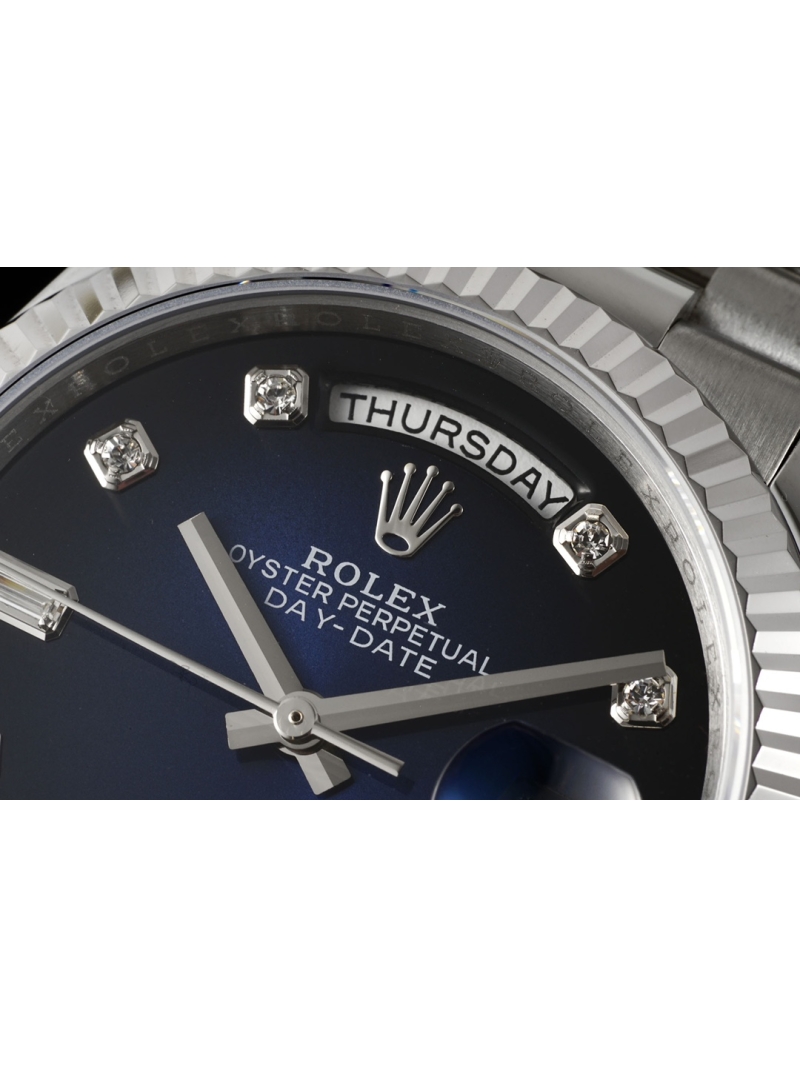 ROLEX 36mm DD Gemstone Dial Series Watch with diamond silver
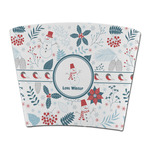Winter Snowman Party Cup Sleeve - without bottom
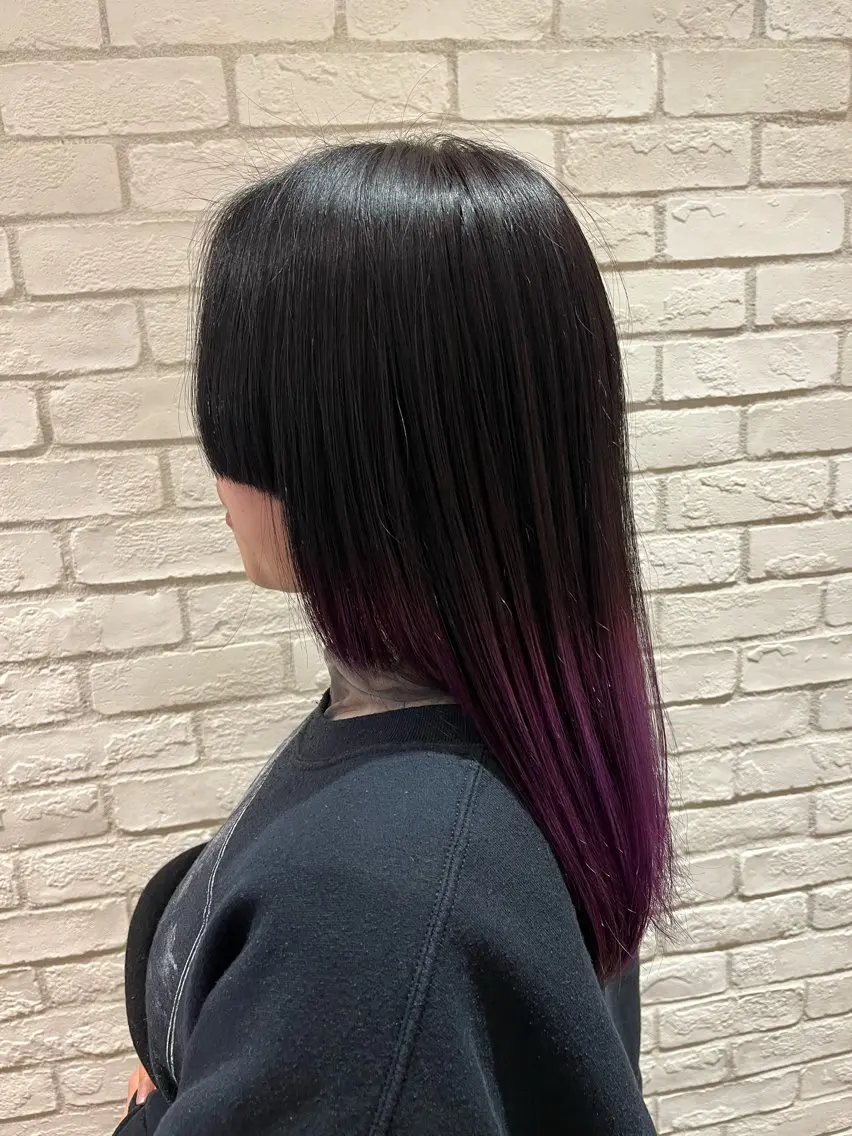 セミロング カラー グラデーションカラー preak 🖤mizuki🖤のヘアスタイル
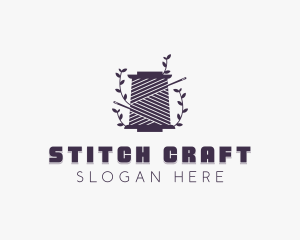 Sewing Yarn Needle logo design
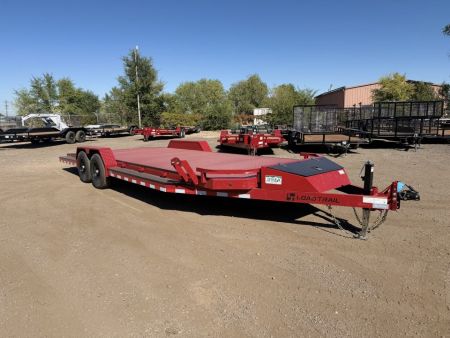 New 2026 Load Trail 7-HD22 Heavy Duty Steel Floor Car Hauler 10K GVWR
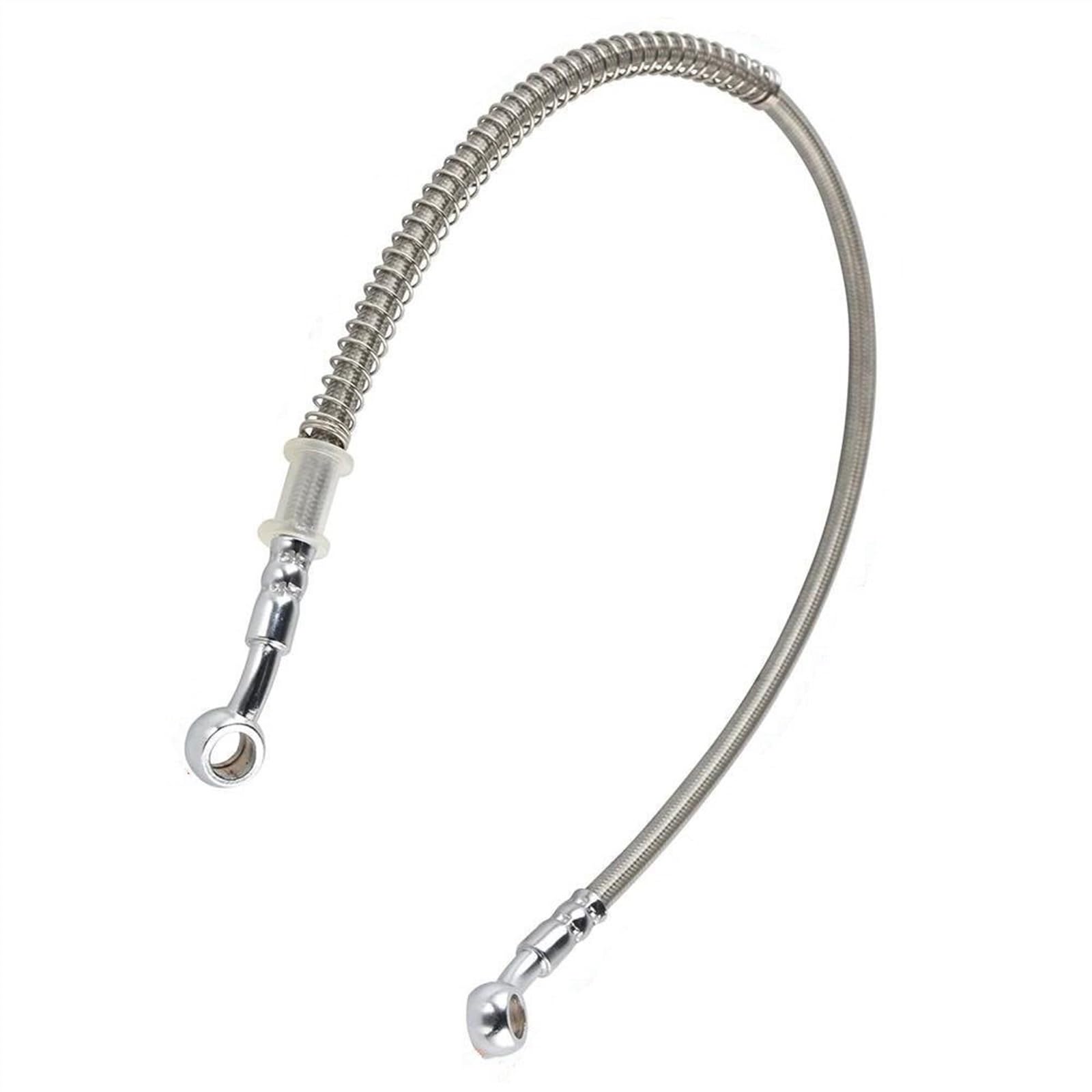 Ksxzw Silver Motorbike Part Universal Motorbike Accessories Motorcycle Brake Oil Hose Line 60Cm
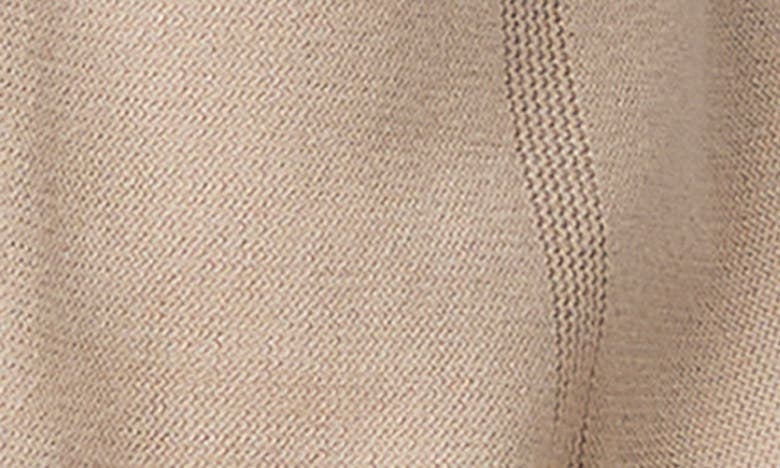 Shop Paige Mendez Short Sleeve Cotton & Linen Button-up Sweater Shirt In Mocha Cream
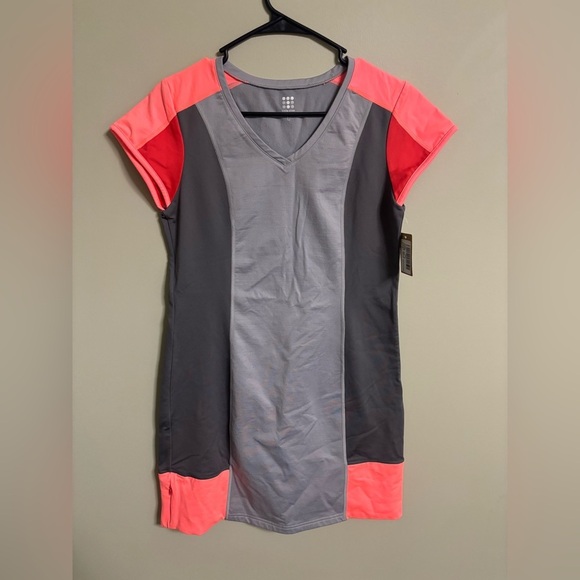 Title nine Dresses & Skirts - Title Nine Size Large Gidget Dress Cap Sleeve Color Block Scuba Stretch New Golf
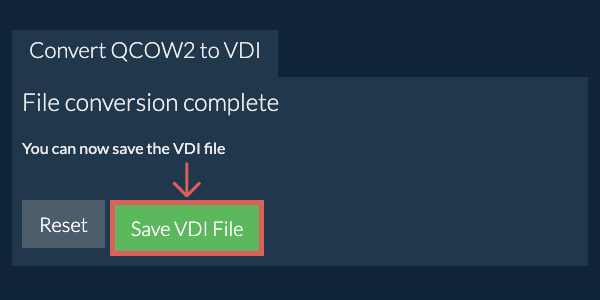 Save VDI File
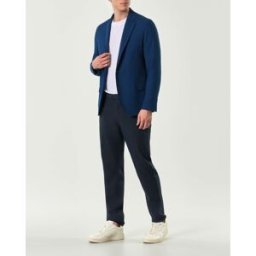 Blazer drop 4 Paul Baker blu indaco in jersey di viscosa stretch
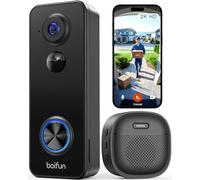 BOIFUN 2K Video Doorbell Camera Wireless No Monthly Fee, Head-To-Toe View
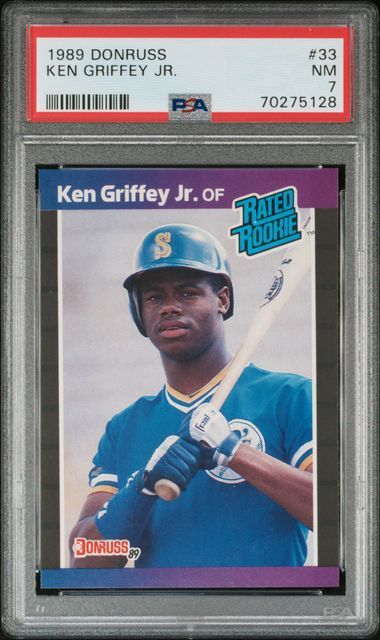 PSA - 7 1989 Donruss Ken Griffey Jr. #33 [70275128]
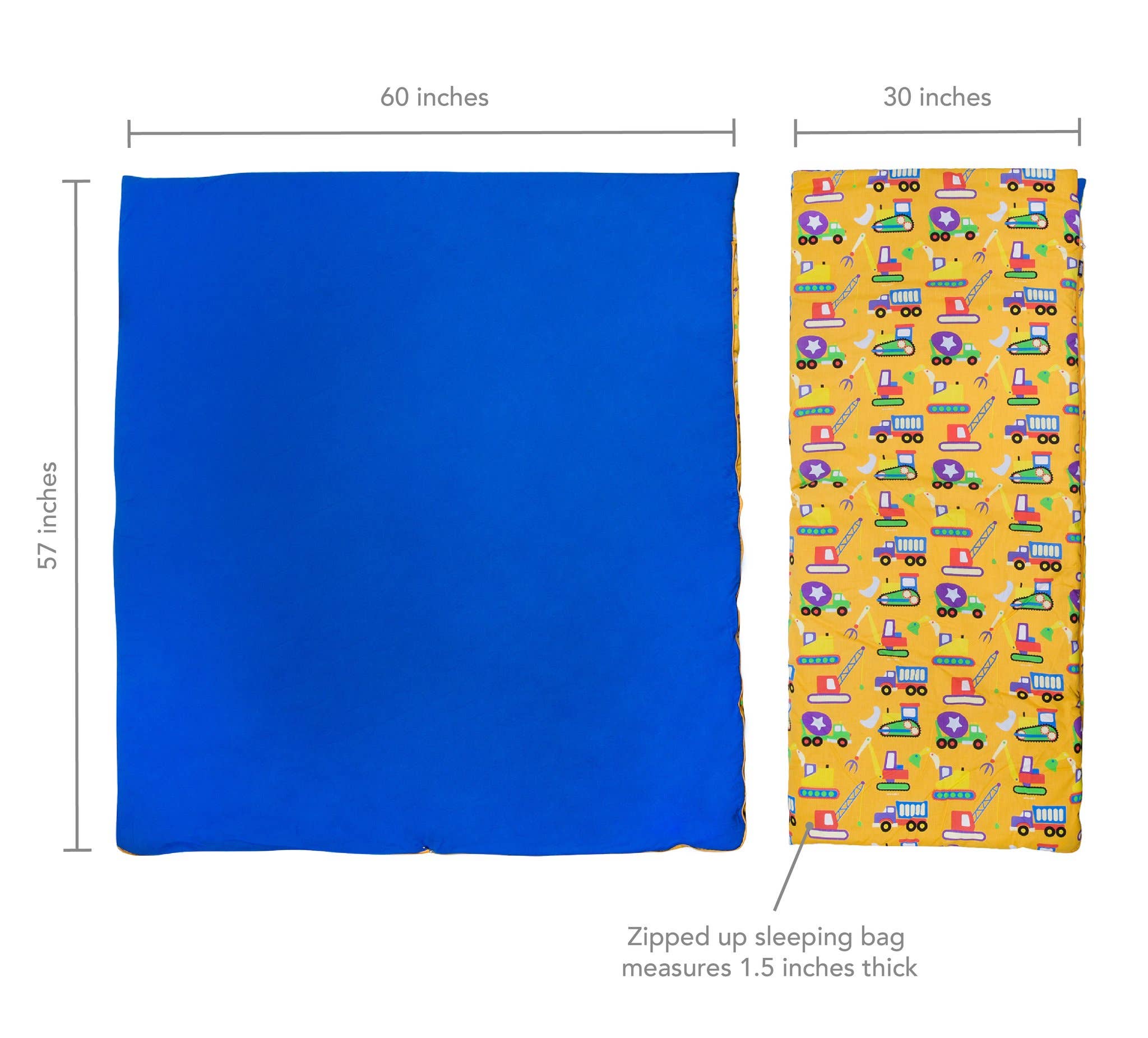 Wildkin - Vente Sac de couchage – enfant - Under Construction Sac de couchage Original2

## WHAT TO DO
Transcribe exactly the lines above, beginning at the one with "Sewing Yarn Needle logo design" and going up to and including the one with "Save VDI File". Pictures do not belong in the copy.

## FINAL ANSWER
 Sewing Yarn Needle logo design
 New 2026 Load Trail 7-HD22 Heavy Duty Steel Floor Car Hauler 10K GVWR
 Ksxzw Silver Motorbike Part Universal Motorbike Accessories Motorcycle Brake Oil Hose Line 60Cm
 Shop Paige Mendez Short Sleeve Cotton & Linen Button-up Sweater Shirt In Mocha Cream
 Title nine Dresses & Skirts - Title Nine Size Large Gidget Dress Cap Sleeve Color Block Scuba Stretch New Golf
 Save VDI File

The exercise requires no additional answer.